Address your high blood pressure or high cholesterol
High blood pressure or cholesterol can be very common, but we know they can both increase stroke risk. There are many things that can help to reduce high blood pressure and/or cholesterol. Pledge to make one small change to manage or reduce yours. This may be taking steps to get your blood pressure taken, being more active in the day, swapping fried foods like chips for steamed vegetables, or using herbs for flavouring instead of salt. If you don’t know your blood pressure or cholesterol levels, your GP or local pharmacist can help you find out.
Enjoy healthier food
A diet high in fat, salt or sugars can increase your risk of developing a health condition such as high blood pressure, diabetes or even becoming an unhealthy weight, all of which can increase your risk of stroke. It can be difficult to make healthier food choices, but there are many ways you could make one small change to your eating habits. This may be giving up your weekly takeaway and saving the money for something else, swapping unhealthy snacks for healthier ones like fruits, carrot sticks or nuts, or trying some healthy online recipes.
Managing medical conditions
Having a medical condition such as diabetes or atrial fibrillation (AF) can increase your risk of stroke. In fact, you're five times more likely to have a stroke if you have AF. It’s important to follow any treatment and healthy lifestyle advice you're given.
If you have diabetes, keeping your blood sugar levels (HbA1c) to your target range can help to manage or reduce your risk of stroke. Pledge to make one small change to manage your diabetes. This could be following a healthier diet, stopping smoking, or being more active.
If you are diagnosed with AF, your doctor will assess your risk of a stroke. If you are at high risk, they will talk to you about using anticoagulant medication.

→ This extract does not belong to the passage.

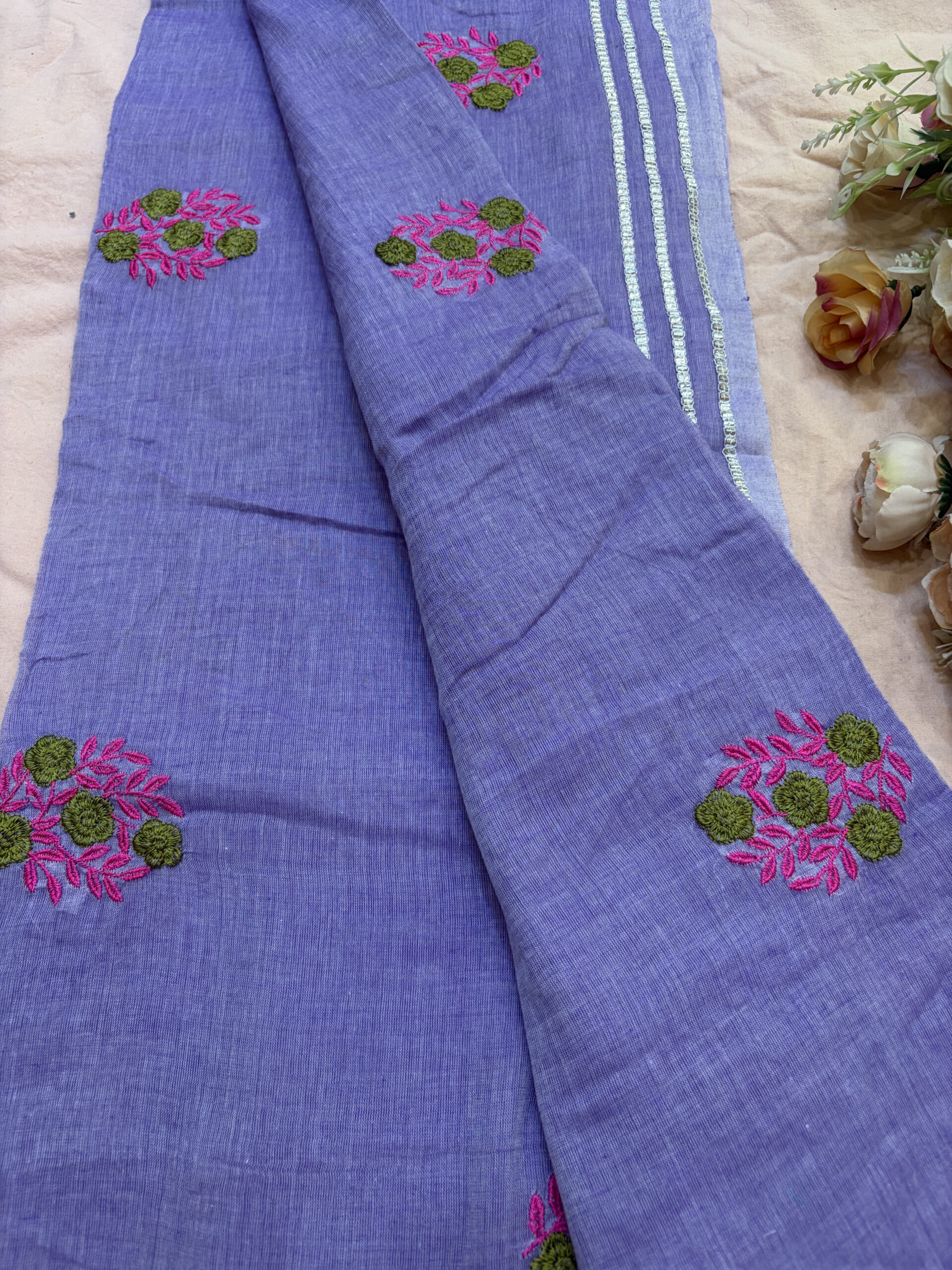 Lavender Mul Cotton Saree with Handcrafted Floral Bootas - Image 3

Your doctor will discuss the options with you and carry out checks to make sure the medication is working well for you. Pledge to make one small change to check your pulse regularly.

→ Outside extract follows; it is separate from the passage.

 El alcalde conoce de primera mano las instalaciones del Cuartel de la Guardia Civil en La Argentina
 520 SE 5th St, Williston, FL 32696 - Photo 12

Hear from people who've already made a change to their diet or lifestyle, and how it has helped them reduce their risk of stroke:
Jay said: “I’ve survived two strokes, which took a real toll on my mental health. However, my recovery from both strokes has been good on the whole. My left leg still drags, particularly in colder weather.

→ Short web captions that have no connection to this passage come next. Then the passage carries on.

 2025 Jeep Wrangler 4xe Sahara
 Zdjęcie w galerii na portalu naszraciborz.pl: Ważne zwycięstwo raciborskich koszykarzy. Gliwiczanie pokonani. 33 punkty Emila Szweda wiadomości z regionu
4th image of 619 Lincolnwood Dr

Before my strokes, I was a boxer and the doctor told me that I would never box again, which was really hard.
Given my love for sport, I had to find something sport-related to make me feel better mentally as well as physically. I started to play bowls and loved it. I went on to play darts and joined Disability Darts Scotland and have enjoyed spending lockdown playing lots of darts.
I now do everything I can to reduce my risk of having another stroke. I manage my blood pressure. I eat healthily and stay active. I now avoid stressful situations that I believe contributed towards my stroke.”
Helen and Neil
Helen said: “Neil had a massive stroke aged 58 and we were told he had only a 50/50 chance of surviving.
Remarkably, not only did Neil survive but within days he was sat upright and even walked when he needed to. However, Neil was left permanently blind in his left eye and could only say a few words as his aphasia was severe.
Neil was always relatively healthy, but he decided to make positive lifestyle changes.
Although Neil’s cholesterol was very high and may have caused his stroke, doctors did say this was hereditary. Either way, Neil completely changed his diet – he cut out junk food and snacks, drank herbal teas and cut out desserts too.
Neil’s also now cut out beer. Our local pub has been so supportive and now stocks lots of non-alcoholic beers, which he loves.
Despite his ongoing setbacks with fatigue and partial blindness, he is a new Neil since his stroke.”